Next Don will be putting together a super-cute jacket for Tracey, and I’m not quite sure what I’m doing. Something to aggravate Nina, I’m sure. Tune in later, I’ll be adding to this same post after dinner.
DAY 4, EVENING SHIFT
Thoughts: Long way to go, and the night is not young.
Penny, Tracey and Luna- BFF! We had good luck with these girls today.. I re-cut Penny’s jacket in white pique, took the vintage print collar off the other one, and Rosie put it all together, and we love it! Don whipped Tracey’s linen dress and cotton print jacket together, and we love them, too. I obviously have not let go of my love for prints, but I feel like I have it under control, and can quit any time I want to. Don keeps urging me away from these more theatrical choices, but I say “why choose fear?”.
Penny’s new jacket!- take that, Nina Garcia-Biatch!!!
Tracey’s PRINT jacket.
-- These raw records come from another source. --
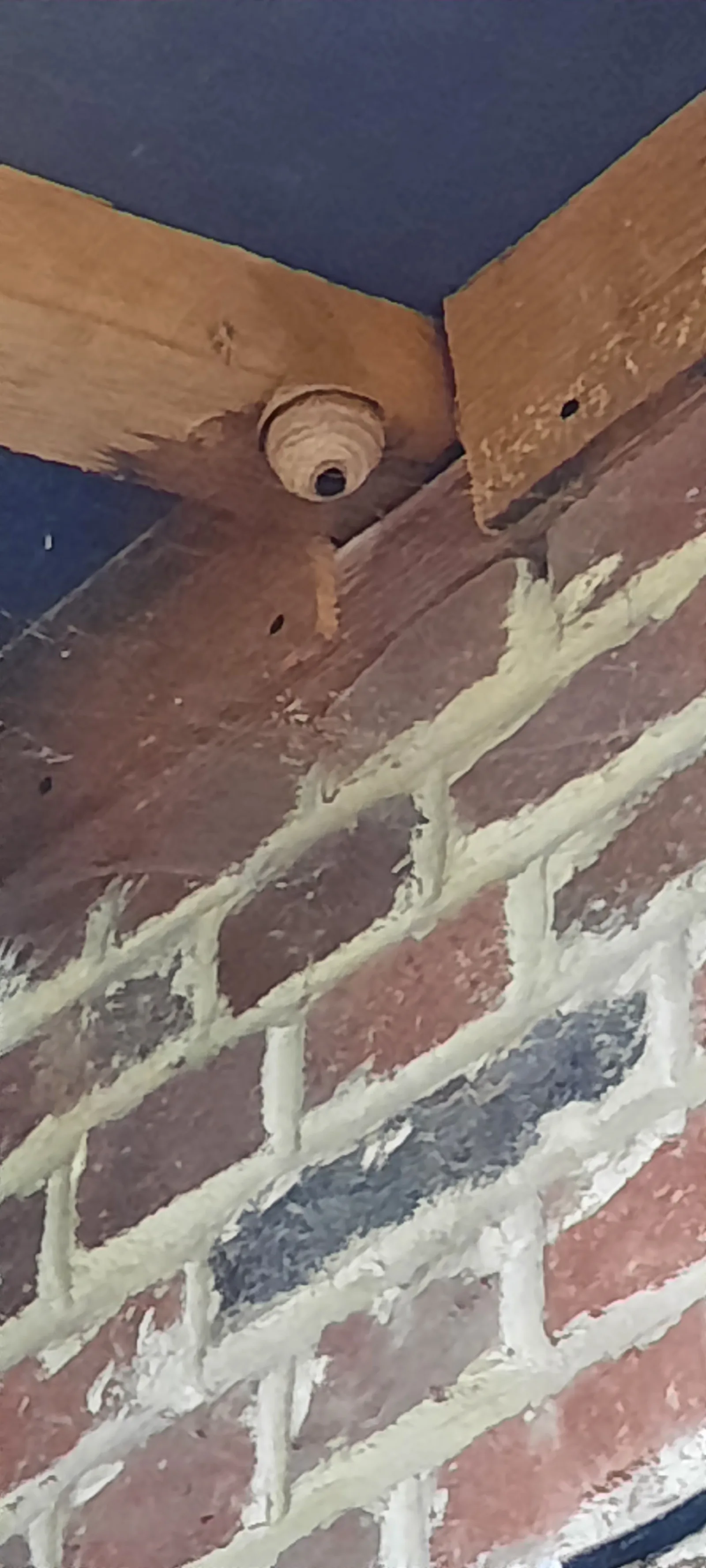 Nid de frelon asiatique à Étreillers (02)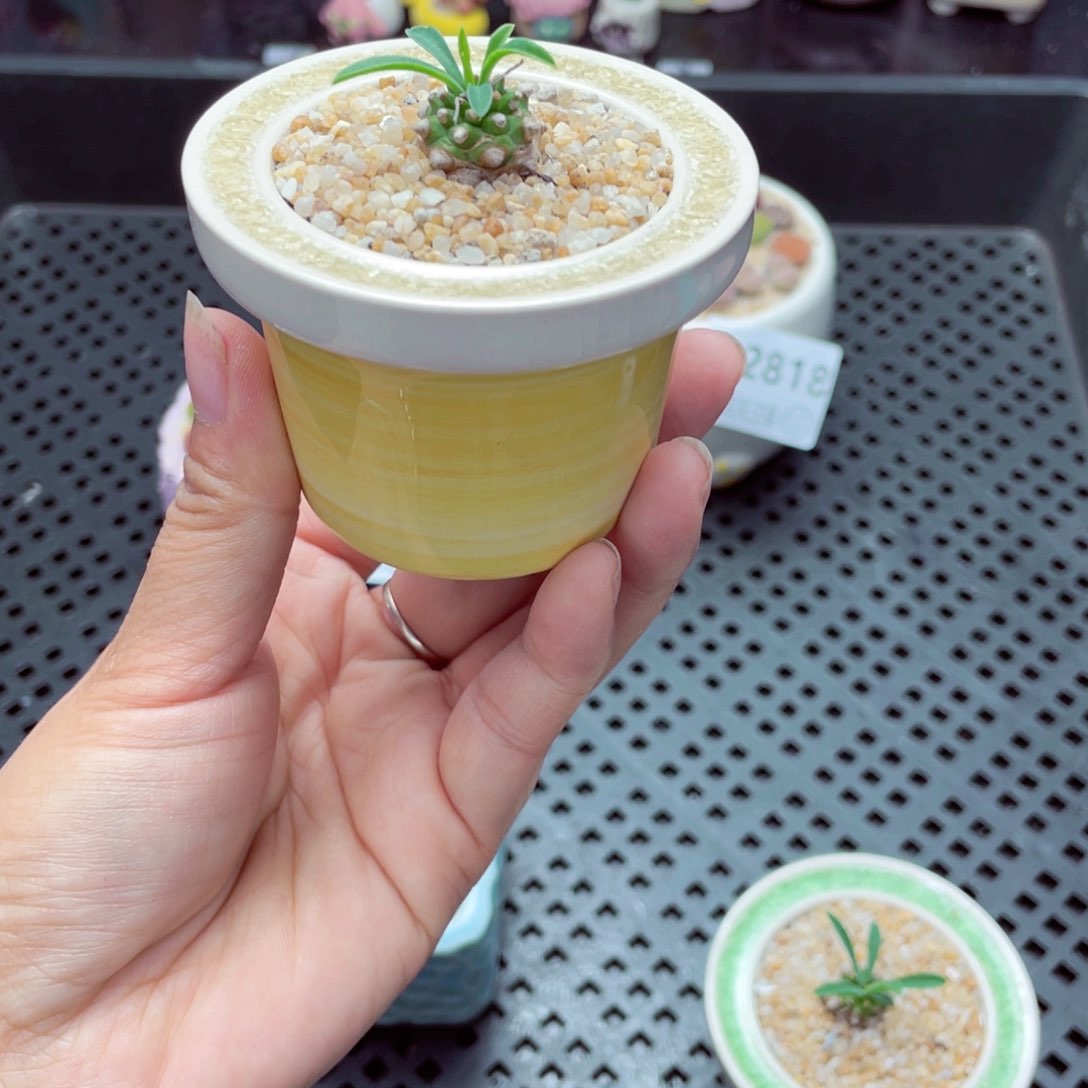 w2823 带盆土发货一物一拍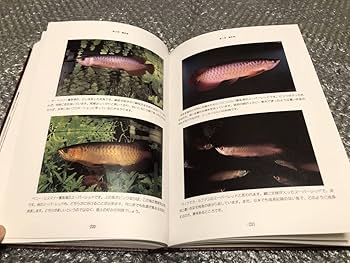 アジアアロワナ【熱帯雨林の神秘】 Amazon.co.jp: 書籍アジアアロワナ 熱帯雨林の神秘熱帯魚 辣
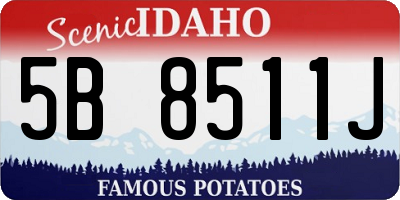 ID license plate 5B8511J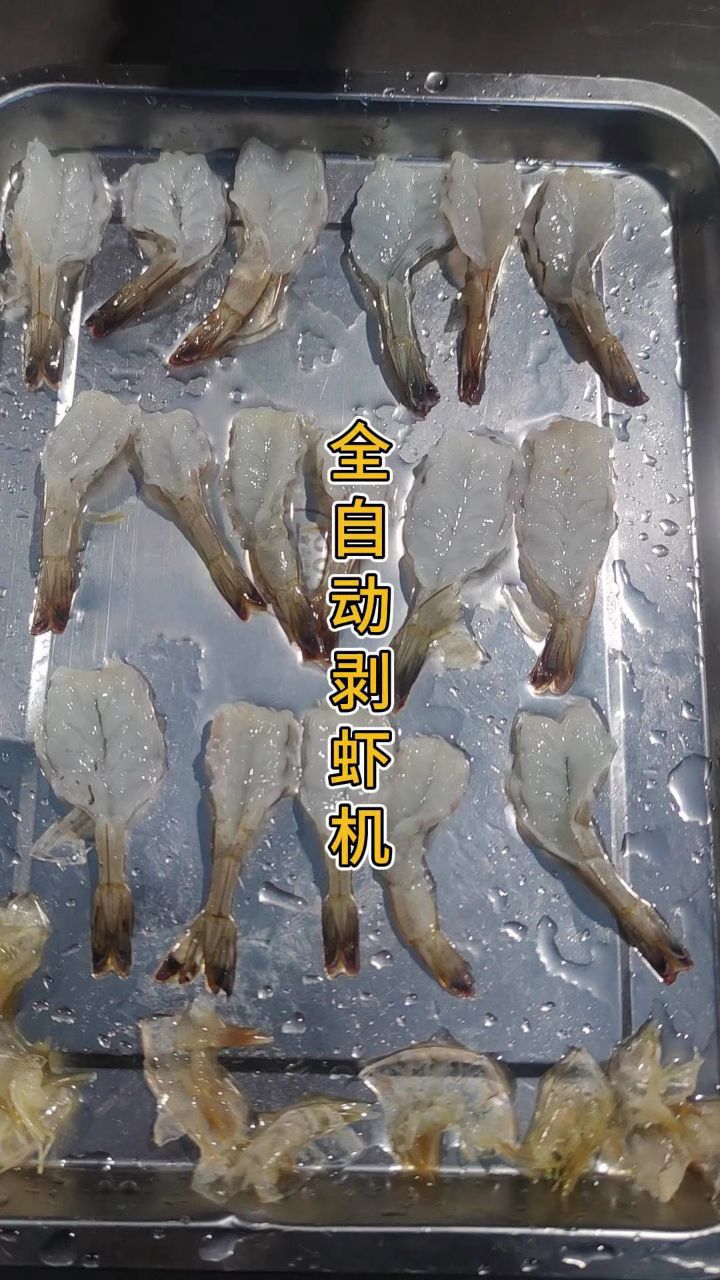 自动剥虾机,可以对不同种类大小的虾进行去壳,开背,去虾线#剥虾机#去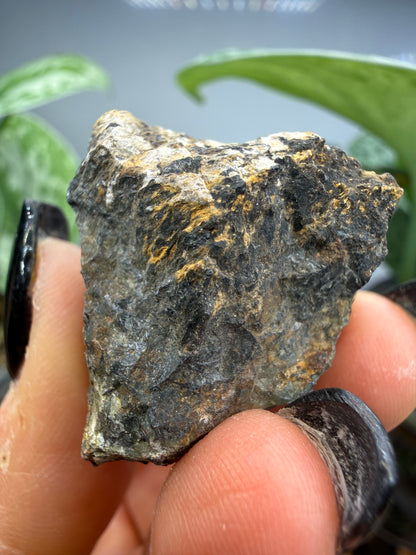 Hedenbergite- Graphic-Waldo Mine, Magdalena Mining District, Socorro County, New Mexico, USA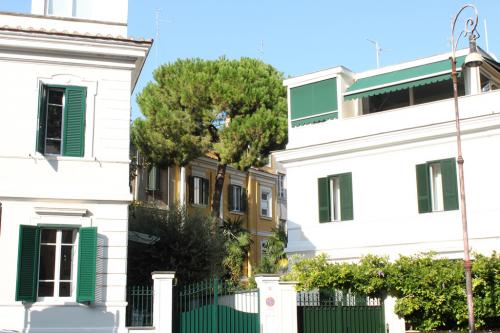 Perizie di abbattimento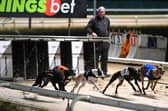 Newcastle Greyhounds.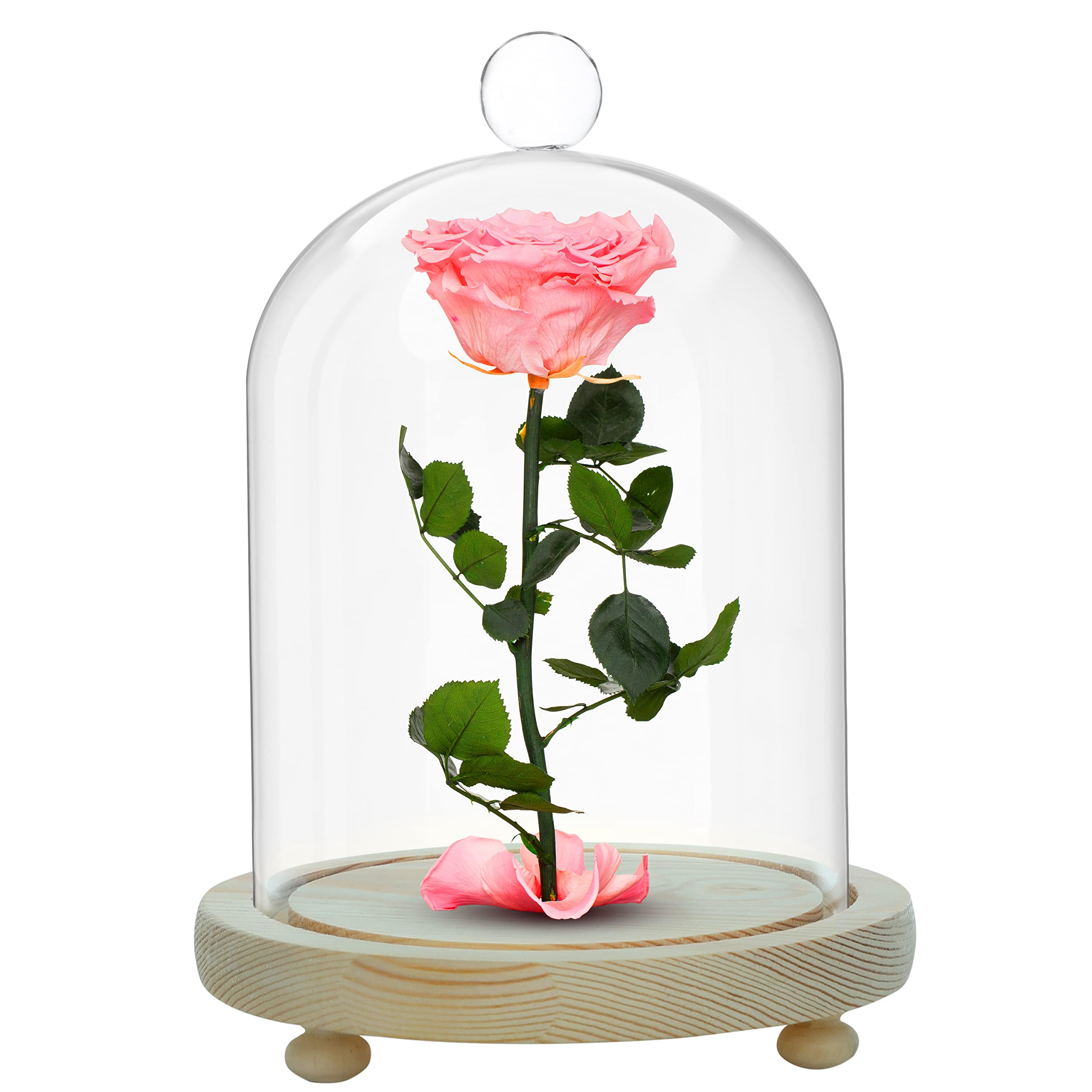 ABOUT SPACE Mini Glass Dome Bell Jar with Wooden Base - 8" Clear Decorative Cloche with Round Shaped Handle for Tabletop Centrepieces Display Home Décor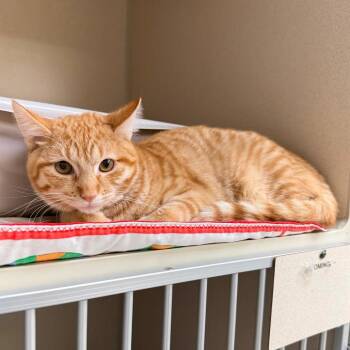 Daffy -  Domestic Short Hair Cat for Adoption in Great Falls, Montana - Daffy | PetCurious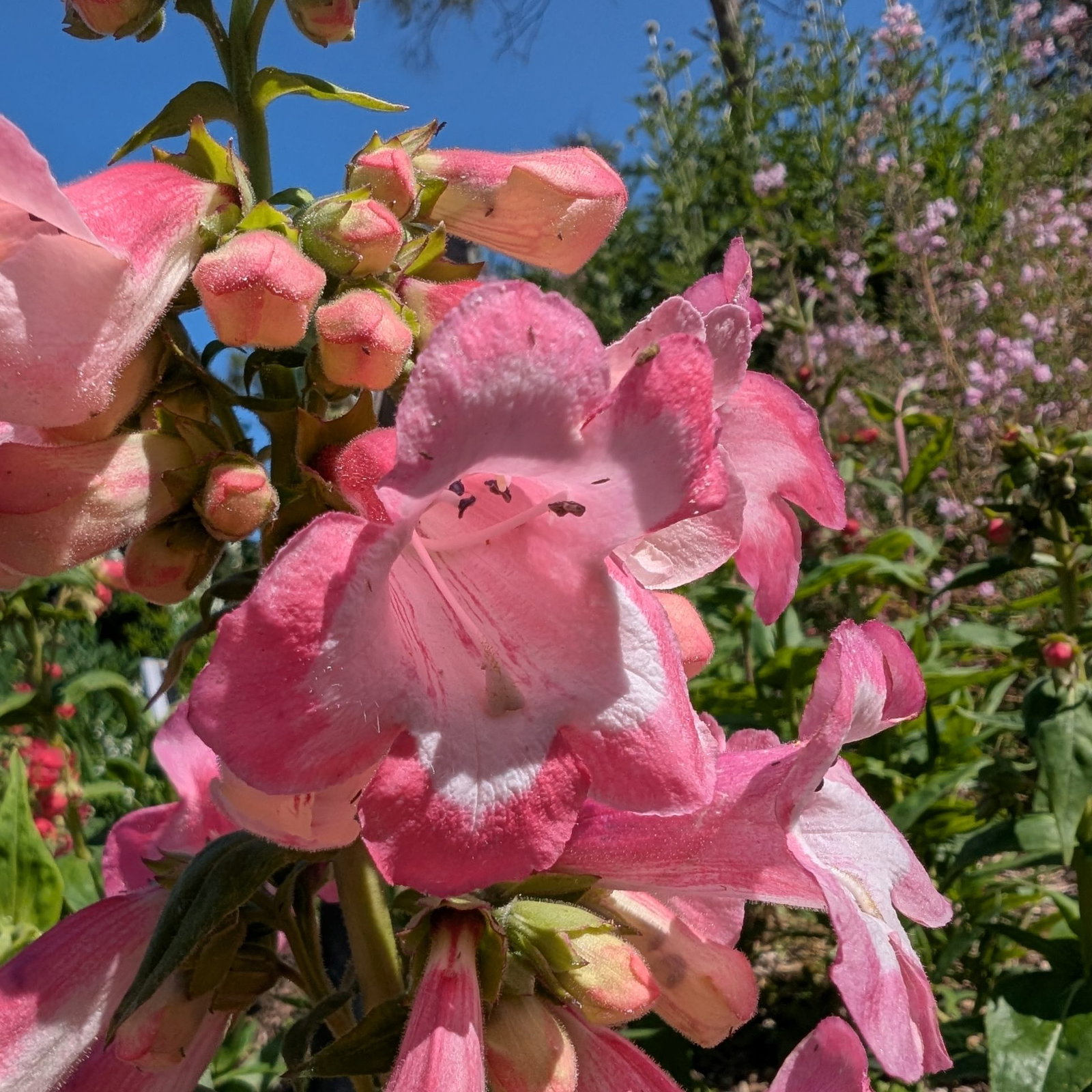 Penstemon Hartweek Giganteus Mix 4 Scaled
Don begged for a solid color, but I pushed him over and pulled out this tropicana cotton! Don did a bang-up job patterning these two garments. The jacket is a bolero that drawstrings across the back and front but stays flat over the shoulder. Above you see it untied and hanging open, here it’s tied shut with a wide neckline to show a hint of the dress. I will admit again that Don is still working circles around me, and churning out hit after hit.
This afternoon I made more fabric choices, this set of linens for Edna, our Plus-size mom. Her jacket will be softly-draped, two layers of hanky linen, solid green and white with a kimono collar that echos the dress underneath. The dress is a white linen with pink and green peony print. Yes, Don, PRINT!! I feel like the print is scattered, showing enough background to feel airy, and not busy. It’s 9:00, and Don is cutting this dress. I’m signing off to draft the jacket pattern and cut it out. See you in the morning!
DAY 5, AFTERNOON SHIFT
Food: Wasabi peas
Music: Cesaria Evora
Thoughts: I’ve got a mountain of sewing to do and my diet pill is WEARING OFF!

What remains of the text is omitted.